CS134 Project Final Report

A Machine Learning System for Stock Market Forecasting

My email: Jianfeng.Huo@dartmouth.edu


Abstract

Support vector machines (SVMs) are promising methods for the prediction of financial time series. This project applies SVMs to predict the stock price index. In addition the project examines the feasibility of applying SVM in financial forecasting by comparing it with traditional linear regression method. The experimental results show that SVM provides a promising alternative to stock market prediction. What is more I made an experiment to test the sensitivity of SVMs to some of the parameters.

 


Introduction/ Background

Recently, a large amount of amazing work has been done in the area of analyzing and predicting stock prices and index changes using Machine Learning Algorithms. Intelligent Trading Systems has been used for most of the stock traders to help them in predicting prices based on various situations and conditions, thereby helping them in making instantaneous investment decisions. Stock market prediction is regarded as one of the most challenging task in financial time-series forecasting.
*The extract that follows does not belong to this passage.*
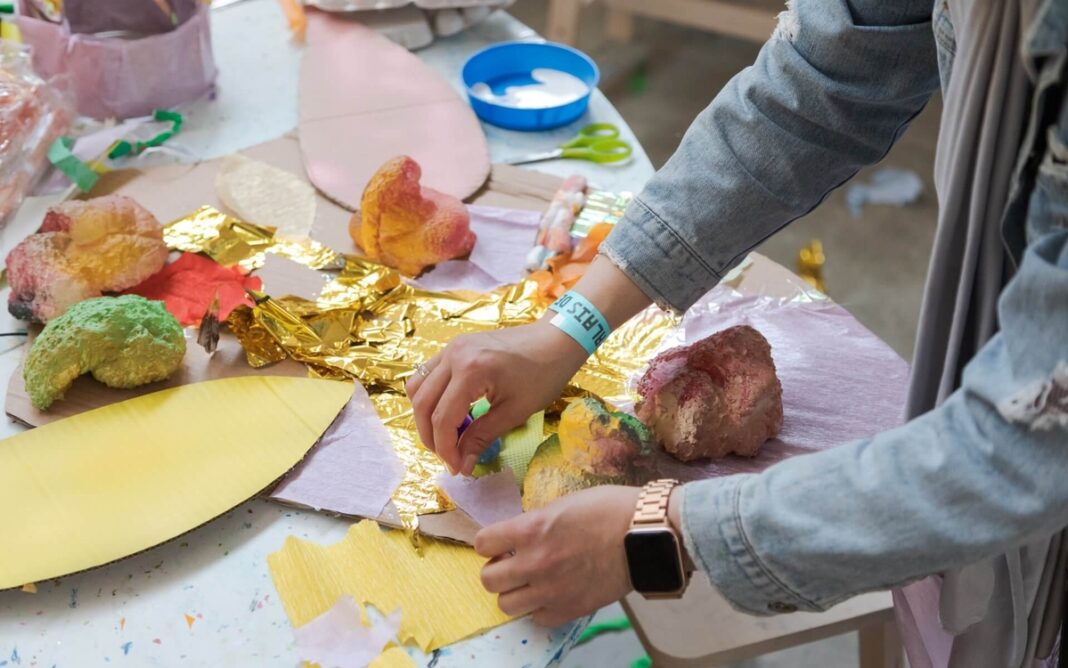 Atelier Tok-Tok « Trésors de poche » Palais de Tokyo Paris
This is primarily because the underlying nature of the uncertain financial domain and in part because of the mix of known parameters (Previous Day’s Closing Price, P/E Ratio etc.) and unknown factors (Election Results, Rumors etc.).

 

In the last few years, significant progress has been made for the stock market forecasting through the use of SVMs. SVMs were first used by Tay & Cao for financial time series forecasting [1]. Kim has proposed an algorithm to predict the stock market direction by using technical analysis indicators as input to SVMs [6]. Studies have compared SVM with Back Propagation Neural Networks (BPN). The experimental results showed that SVM outperformed BPN most often though there are some markets for which BPN have been found to be better [7]. These results may be attributable to the fact that the SVM implements the structural risk minimization principle and this leads to better generalization than Neural Networks, which implement the empirical risk minimization principle.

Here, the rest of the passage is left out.